**What needs to be done:** In the material below, find the line with "Carter's Child Size" and the line with "Esstischstühle Solid Wood". Output exactly those two lines and all lines between them, leaving out pictures.

**Data to examine:**
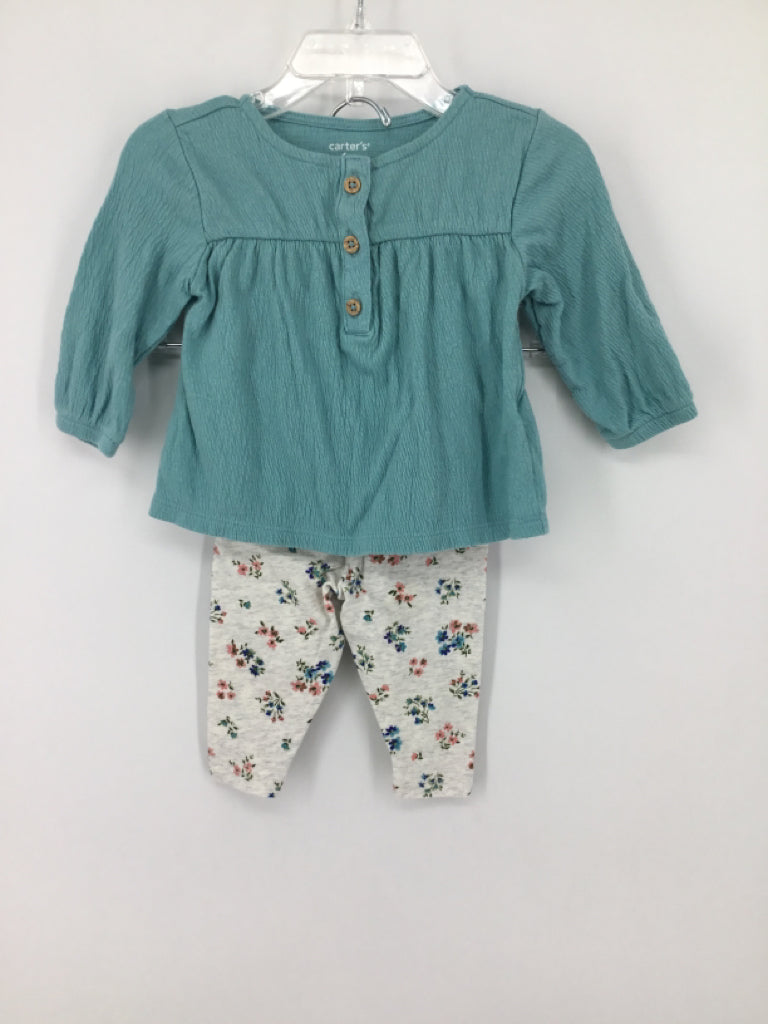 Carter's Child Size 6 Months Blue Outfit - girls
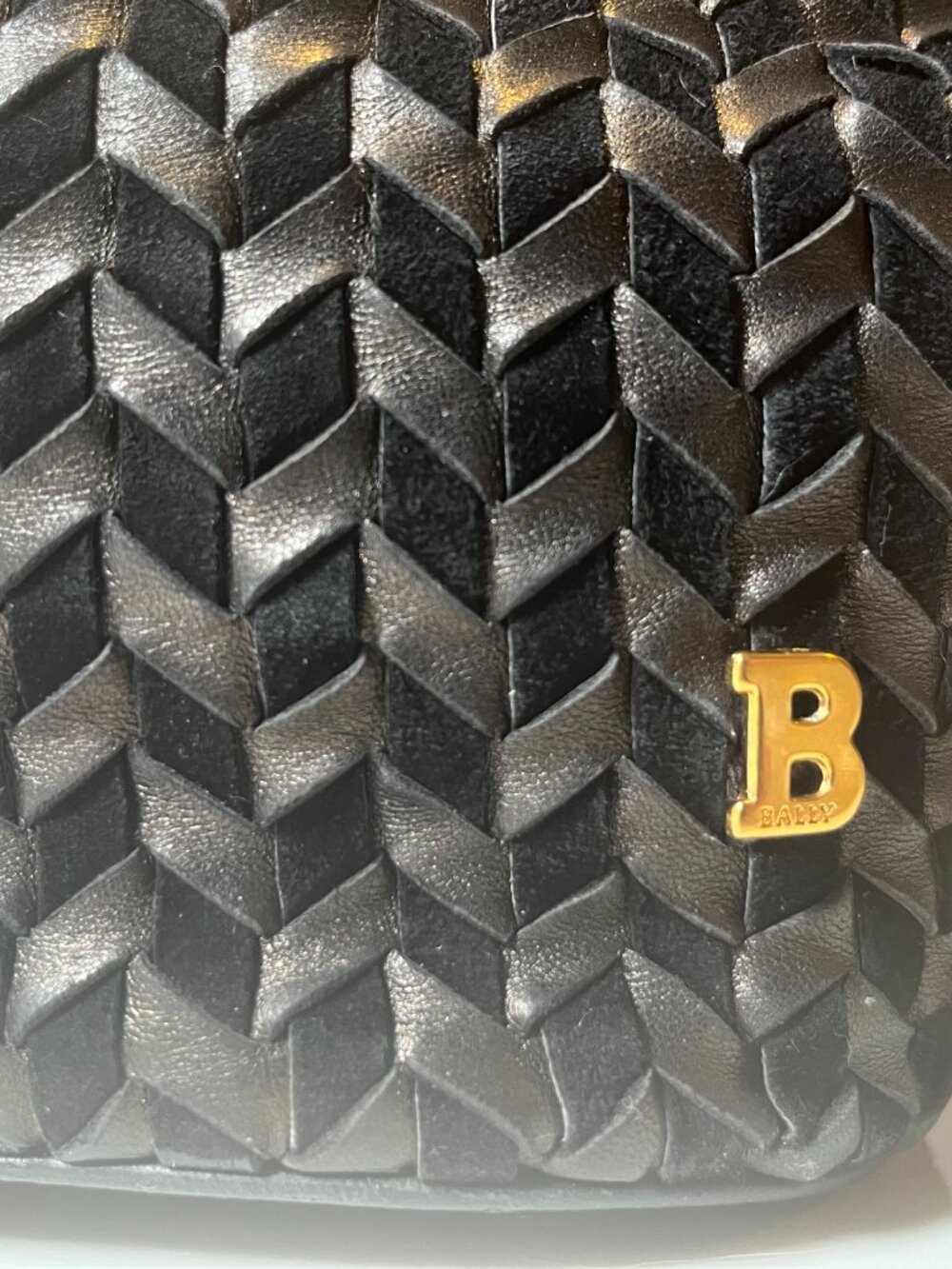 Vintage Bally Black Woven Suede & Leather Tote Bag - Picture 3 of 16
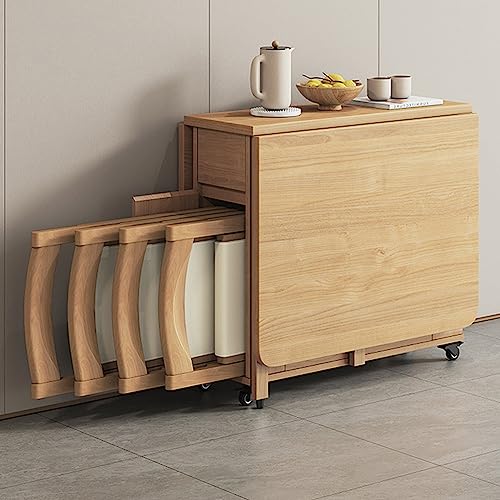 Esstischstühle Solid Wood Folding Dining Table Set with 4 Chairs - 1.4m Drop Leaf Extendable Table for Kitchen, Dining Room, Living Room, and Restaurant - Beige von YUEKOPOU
...
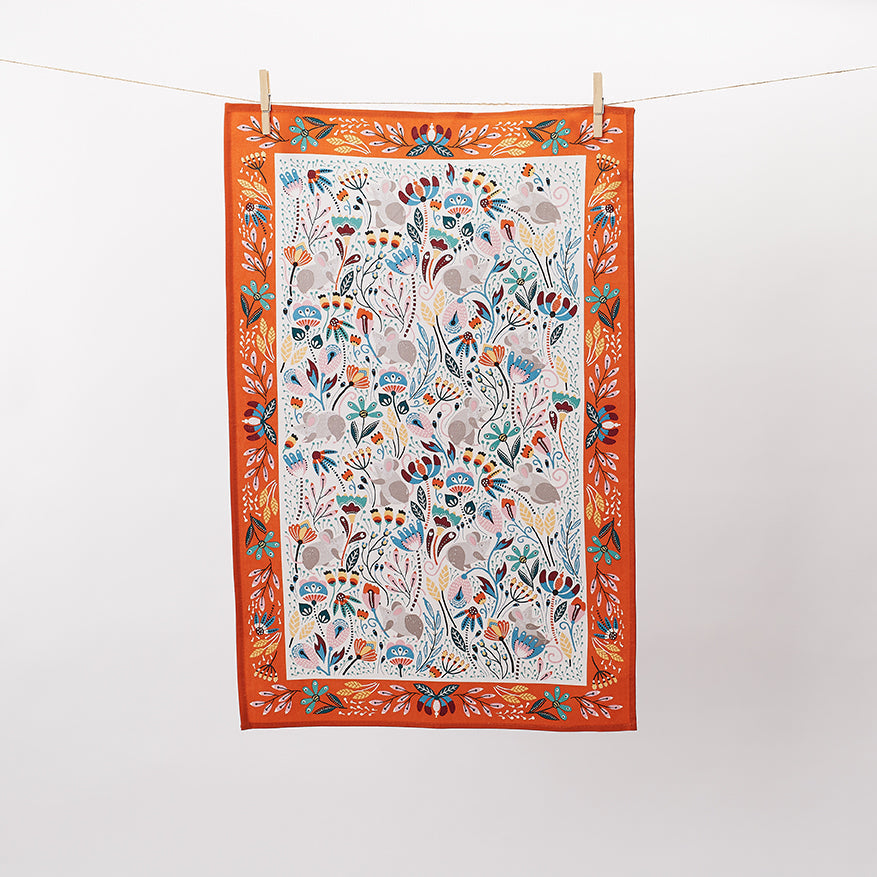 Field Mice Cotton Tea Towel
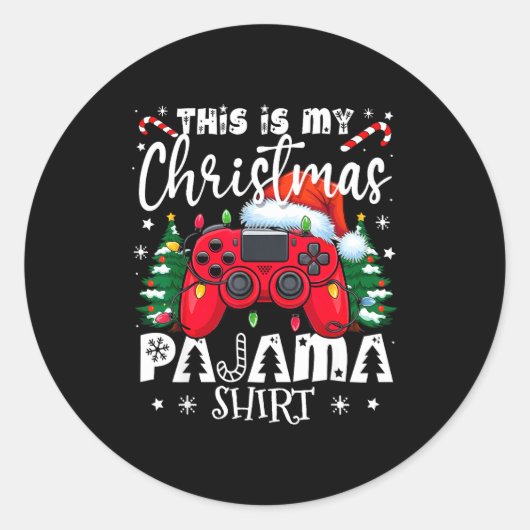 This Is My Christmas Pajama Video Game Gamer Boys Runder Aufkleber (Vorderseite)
---
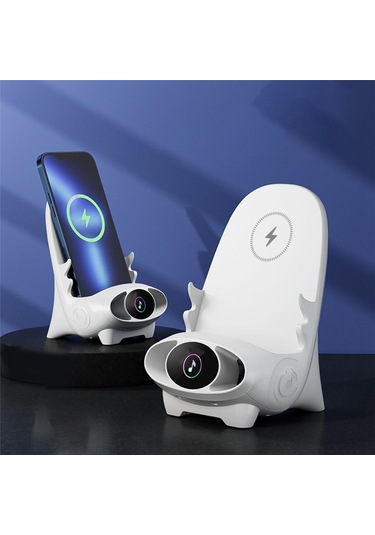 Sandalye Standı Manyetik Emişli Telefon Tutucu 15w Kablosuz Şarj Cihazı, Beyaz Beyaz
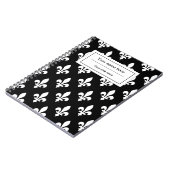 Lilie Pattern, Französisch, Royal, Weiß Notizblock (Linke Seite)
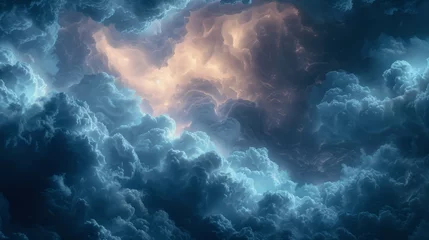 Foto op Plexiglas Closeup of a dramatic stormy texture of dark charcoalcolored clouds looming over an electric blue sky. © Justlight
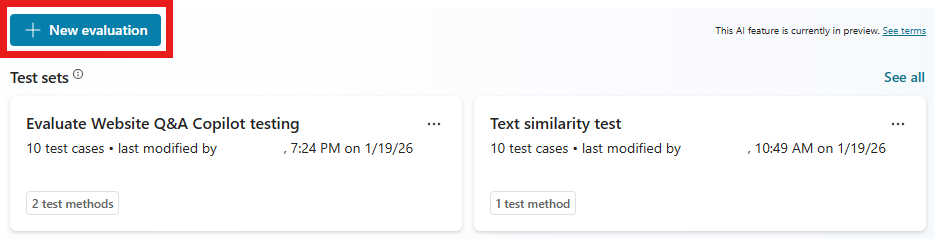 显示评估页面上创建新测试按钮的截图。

**Result:**
 Carter's Child Size 6 Months Blue Outfit - girls
 Vintage Bally Black Woven Suede & Leather Tote Bag - Picture 3 of 16
 Esstischstühle Solid Wood Folding Dining Table Set with 4 Chairs - 1.4m Drop Leaf Extendable Table for Kitchen, Dining Room, Living Room, and Restaurant - Beige von YUEKOPOU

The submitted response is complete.